Task description ▸ All that is needed is the line containing "Maison 210 m²" and the lines after it to the end of the material, written out exactly, pictures left aside.

Material to process ▸
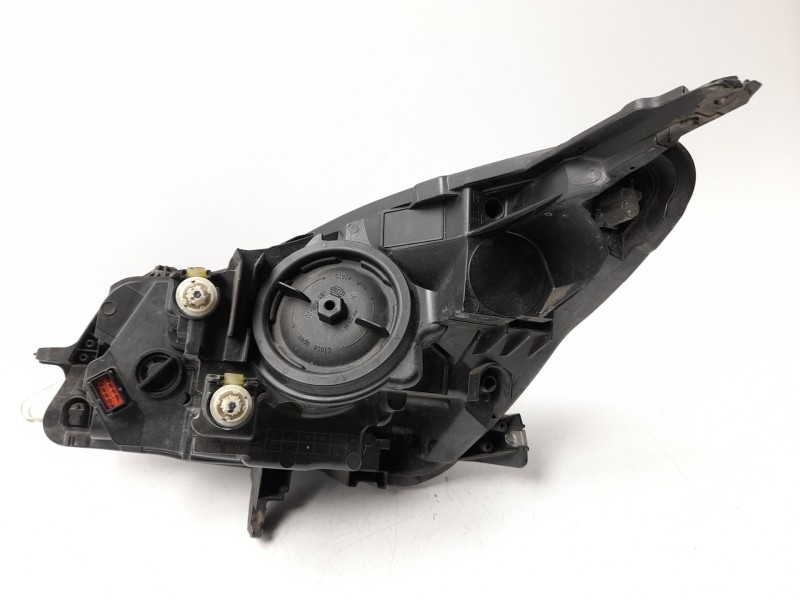 Recambio de faro derecho para opel insignia a sedán (g09) 2.0 turbo e85 (69) referencia OEM IAM  39031210 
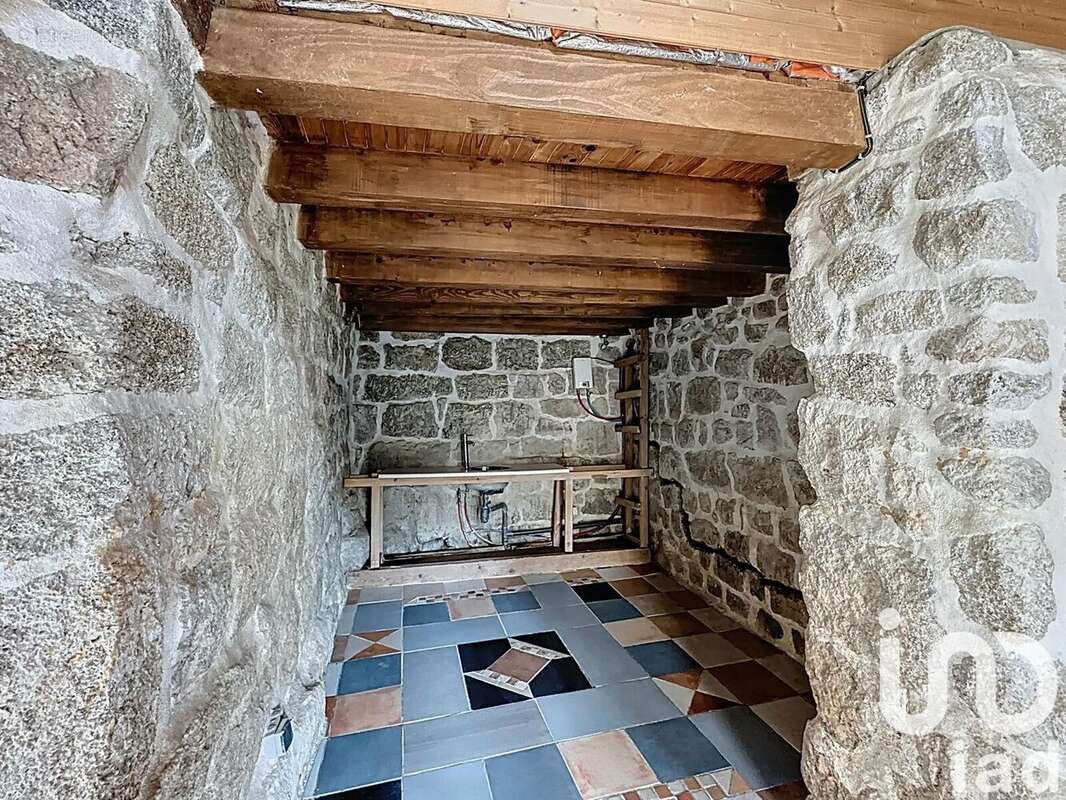 Maison 210 m² à Serverette  - photo 7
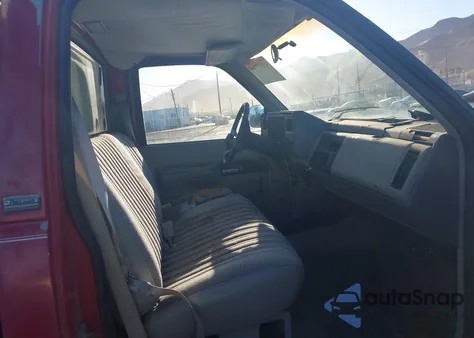 1991 Chevrolet Gmt-400 C1500 z USA, uszkodzony, nr VIN 1GCDC14Z8ME117213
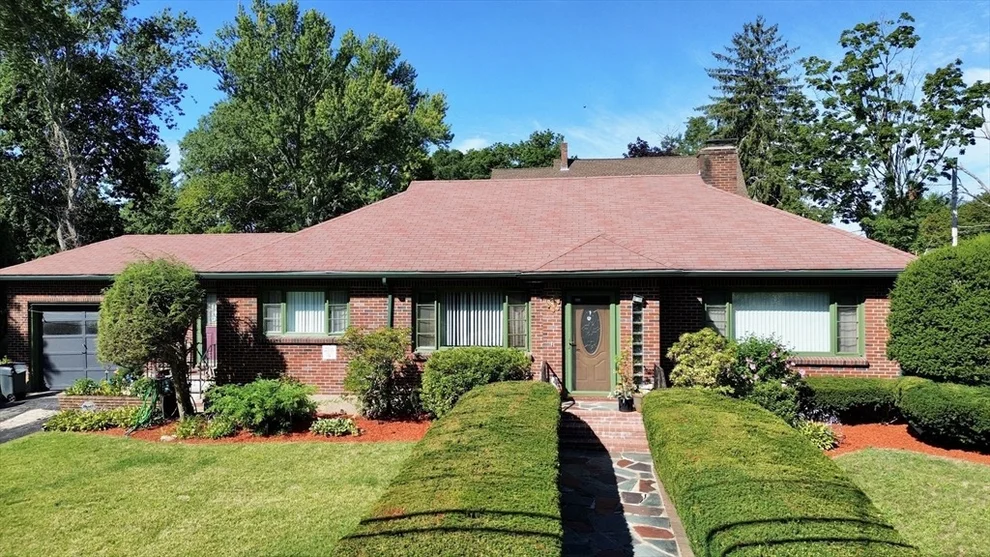Unit for sale at 228 Sawtell Ave, Brockton, MA 02302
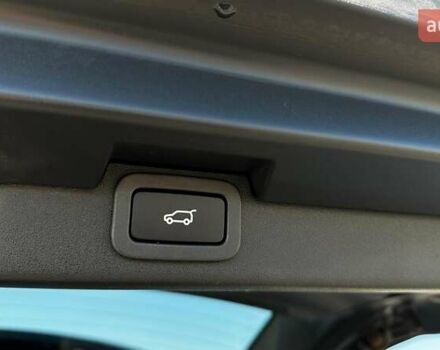 Білий Ленд Ровер Діскавері, об'ємом двигуна 3 л та пробігом 99 тис. км за 44500 $, фото 40 на Automoto.ua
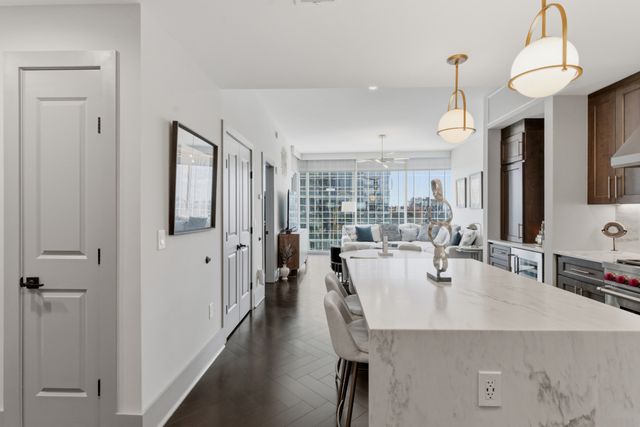 1616 West End Ave Unit 1906, Nashville, TN 37203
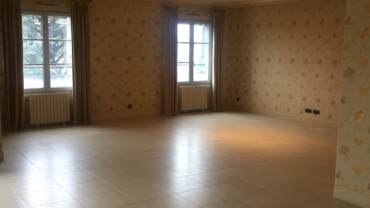 APPARTEMENT F3 DE 149 M² RESIDENCE « JEANNE D’ALBRET » CHÂTELLERAULT Réf 2376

Exercise solution ▸
 Maison 210 m² à Serverette  - photo 7
 1991 Chevrolet Gmt-400 C1500 z USA, uszkodzony, nr VIN 1GCDC14Z8ME117213
Unit for sale at 228 Sawtell Ave, Brockton, MA 02302
 Білий Ленд Ровер Діскавері, об'ємом двигуна 3 л та пробігом 99 тис. км за 44500 $, фото 40 на Automoto.ua
 1616 West End Ave Unit 1906, Nashville, TN 37203
 APPARTEMENT F3 DE 149 M² RESIDENCE « JEANNE D’ALBRET » CHÂTELLERAULT Réf 2376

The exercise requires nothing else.